A few night later I was finishing up an evening session online when Lappin popped up on Skype to tell me he'd just signed up to Irish Eyes and wanted me to jump into a cash game with him. Since I was down to a few tables, I humoured him. I nitted it up for an hour or so while Lappin played something like 55/45 all the while abusing me for the nit that I am. We did eventually play a big pot: I threebet aces, he min reclick four bet, I five bet small enough to let him think the 6 bet shove might have fold equity and and he shoved in the 130 bigs with AQs. All well and good except his flush draw got there before the river so I got rightly Lappined. If you're gonna lose those, better it be to a friend than a foe I guess.

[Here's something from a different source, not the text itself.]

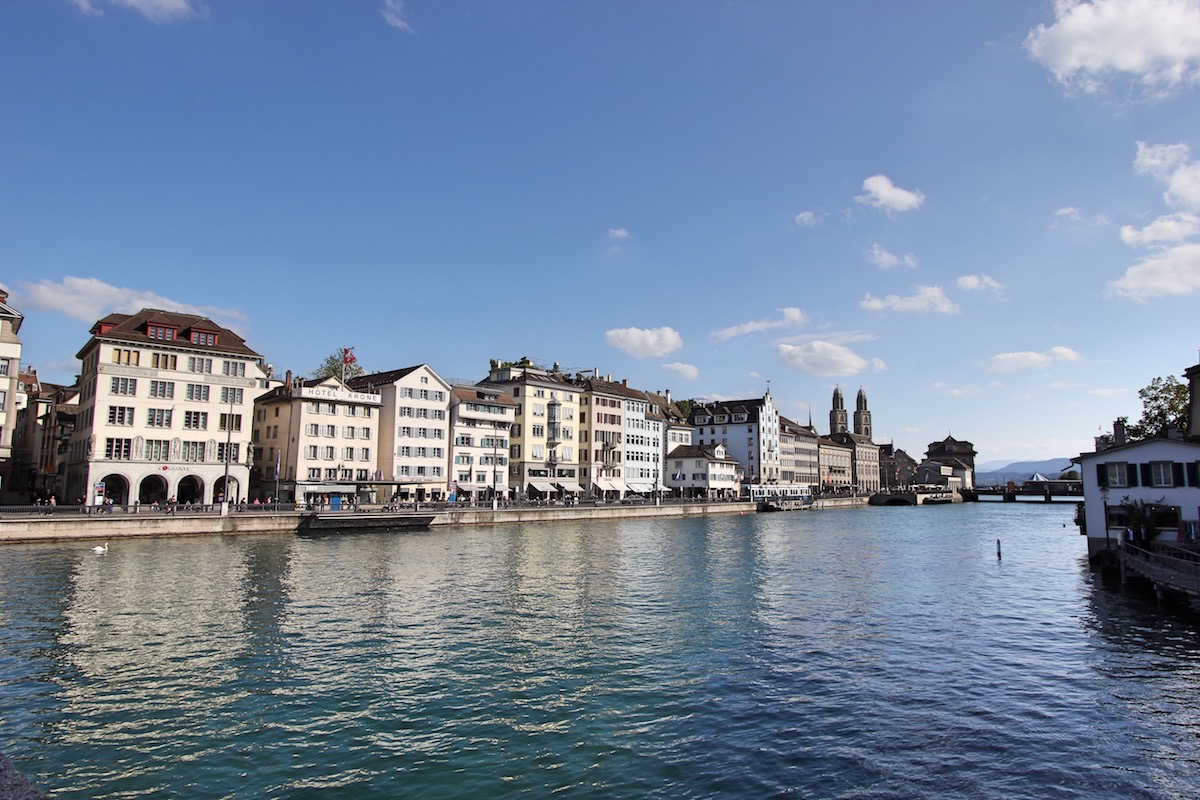 Вид на Лимматквай с моста Рудольф-Брун-брюкке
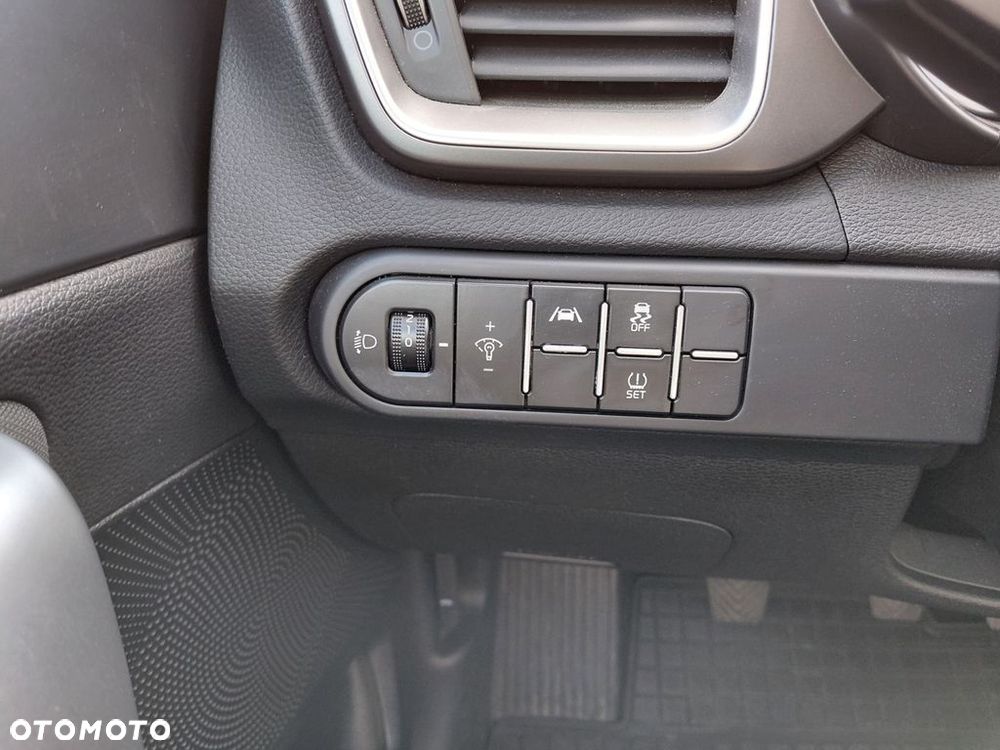 Kia Ceed 1.5 T-GDI M - 17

I headed down to Cork on Friday for the Macau Classic with Mick Mccloskey. I had a pretty good day 1b, chipping up from 20k starting to 48k. The biggest and most interesting pot ended with a November Niner getting a Doking. It started with Richie Lawlor (one of the best tourney players on the scene at the moment who came within a hair's breath of the remarkable and unprecedented achievement of cashing in 4 UKIPTs on the trot) opening to 750 utg at 150/300. I flatted with ATs two behind, as did Eoghan O'Dea two behind me. The flop came 764 with two of my suit, Richie led for 1050, I called, Eoghan raised to 3800 with 10k behind. Richie tank folded (queens according to his Twitter) and I had to think now too. Folding didn't seem great when you play ATs and hit a two overs and a nut flush draw flop, calling seemed unpalatable too, so I ran through the math quickly to see if shoving was ok. I figured Eoghan's range as 44+ (that is, sets, overpairs and pairs with a straight draw). I have about 42-43% equity against that range so even if he never folds the shove is plus Ev. If he ever does fold it's even better for me. Also, if I widen his range to include worse flush draws like KQs, my equity gets closer to 50%. As it happened, he had a hand I'd never even considered (76o for top two) but even if I include 2 pair hands (I excluded them because Eoghan was playing very tight and didn't think he'd play something like 76o from mid position with less than 50 bigs) I'm basically a 5/4 dog against the range so the shove's ok with the dead money. And there's always Plan B, hit the flush, which I duly did. Hopefully Eoghan's getting his run bad out of the way before November.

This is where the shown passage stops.